Ia mengatakan jenazah salah satu korban ditemukan dari kuburan dengan tangannya masih terikat. Klaim tersebut tidak dapat dikonfirmasi secara independen.
Whittall menggambarkan misi untuk menemukan jenazah tersebut sebagai sesuatu yang menegangkan. "Saat melakukan perjalanan ke daerah tersebut pada hari kelima, kami menjumpai ratusan warga sipil yang melarikan diri di bawah tembakan," katanya. “
Kami menyaksikan seorang wanita tertembak di bagian belakang kepala. Ketika seorang pemuda mencoba menyelamatkannya, dia juga tertembak. Kami berhasil menyelamatkan jasadnya menggunakan kendaraan PBB kami.”
“Sungguh mengerikan apa yang terjadi di sini,” tambahnya. “Ini seharusnya tidak pernah terjadi. Petugas kesehatan seharusnya tidak pernah menjadi sasaran.”
Jens Lærke, juru bicara Ocha di Jenewa, mengatakan, informasi yang tersedia menunjukkan bahwa tim pertama dibunuh oleh pasukan Israel pada 23 Maret, dan bahwa kru darurat dan bantuan lainnya diserang satu demi satu selama beberapa jam saat mencari rekan-rekan mereka yang hilang.
“Mereka terkubur di bawah pasir, bersama kendaraan darurat mereka yang hancur – ambulans yang ditandai dengan jelas, truk pemadam kebakaran, dan mobil PBB.”
Bulan Sabit Merah menyebut nama karyawan yang tewas pada 23 Maret sebagai Mustafa Khafaja, Ezzedine Shaat, Saleh Muammar, Rifaat Radwan, Mohammed Bahloul, Ashraf Abu Labda, Mohammed Hilieh, dan Raed Al-Sharif. Insiden itu merupakan serangan paling mematikan terhadap pekerja Palang Merah atau Bulan Sabit Merah di mana pun sejak 2017.
"Saya patah hati. Para pekerja ambulans yang berdedikasi ini menanggapi orang-orang yang terluka.
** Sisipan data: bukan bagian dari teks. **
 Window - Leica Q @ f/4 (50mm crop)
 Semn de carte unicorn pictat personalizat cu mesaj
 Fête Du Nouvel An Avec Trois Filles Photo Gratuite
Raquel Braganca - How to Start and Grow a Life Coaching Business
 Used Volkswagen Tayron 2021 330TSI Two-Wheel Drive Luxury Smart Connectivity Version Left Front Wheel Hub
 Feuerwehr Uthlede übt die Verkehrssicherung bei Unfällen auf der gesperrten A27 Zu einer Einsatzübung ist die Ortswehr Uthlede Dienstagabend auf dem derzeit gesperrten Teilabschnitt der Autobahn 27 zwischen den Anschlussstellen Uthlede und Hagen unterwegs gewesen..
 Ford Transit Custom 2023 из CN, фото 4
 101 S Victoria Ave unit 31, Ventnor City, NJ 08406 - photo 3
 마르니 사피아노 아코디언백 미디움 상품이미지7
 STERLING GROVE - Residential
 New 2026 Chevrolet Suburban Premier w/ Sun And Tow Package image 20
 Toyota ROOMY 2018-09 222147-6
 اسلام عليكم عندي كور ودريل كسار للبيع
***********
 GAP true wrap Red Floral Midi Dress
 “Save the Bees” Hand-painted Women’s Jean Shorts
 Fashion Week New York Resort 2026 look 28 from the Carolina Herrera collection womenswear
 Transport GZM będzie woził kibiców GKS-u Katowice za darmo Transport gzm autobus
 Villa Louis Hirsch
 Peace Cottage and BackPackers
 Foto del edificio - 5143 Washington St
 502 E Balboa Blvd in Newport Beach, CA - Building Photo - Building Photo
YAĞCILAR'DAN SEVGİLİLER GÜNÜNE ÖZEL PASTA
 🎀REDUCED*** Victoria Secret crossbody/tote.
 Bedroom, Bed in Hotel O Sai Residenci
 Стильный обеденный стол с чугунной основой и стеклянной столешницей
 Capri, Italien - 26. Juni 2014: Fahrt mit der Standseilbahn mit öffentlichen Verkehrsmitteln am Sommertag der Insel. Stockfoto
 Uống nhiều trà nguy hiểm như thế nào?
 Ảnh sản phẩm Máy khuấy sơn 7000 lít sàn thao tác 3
Mereka adalah pekerja kemanusiaan," kata sekretaris jenderal IFRC, Jagan Chapagain.
"Mereka mengenakan lambang yang seharusnya melindungi mereka; ambulans mereka ditandai dengan jelas."
Menurut Perserikatan Bangsa-Bangsa, setidaknya 1.060 pekerja kesehatan telah tewas dalam 18 bulan sejak Israel melancarkan serangannya di Gaza. Itu dimulai setelah pejuang Hamas menyerbu komunitas di Israel selatan pada 7 Oktober 2023.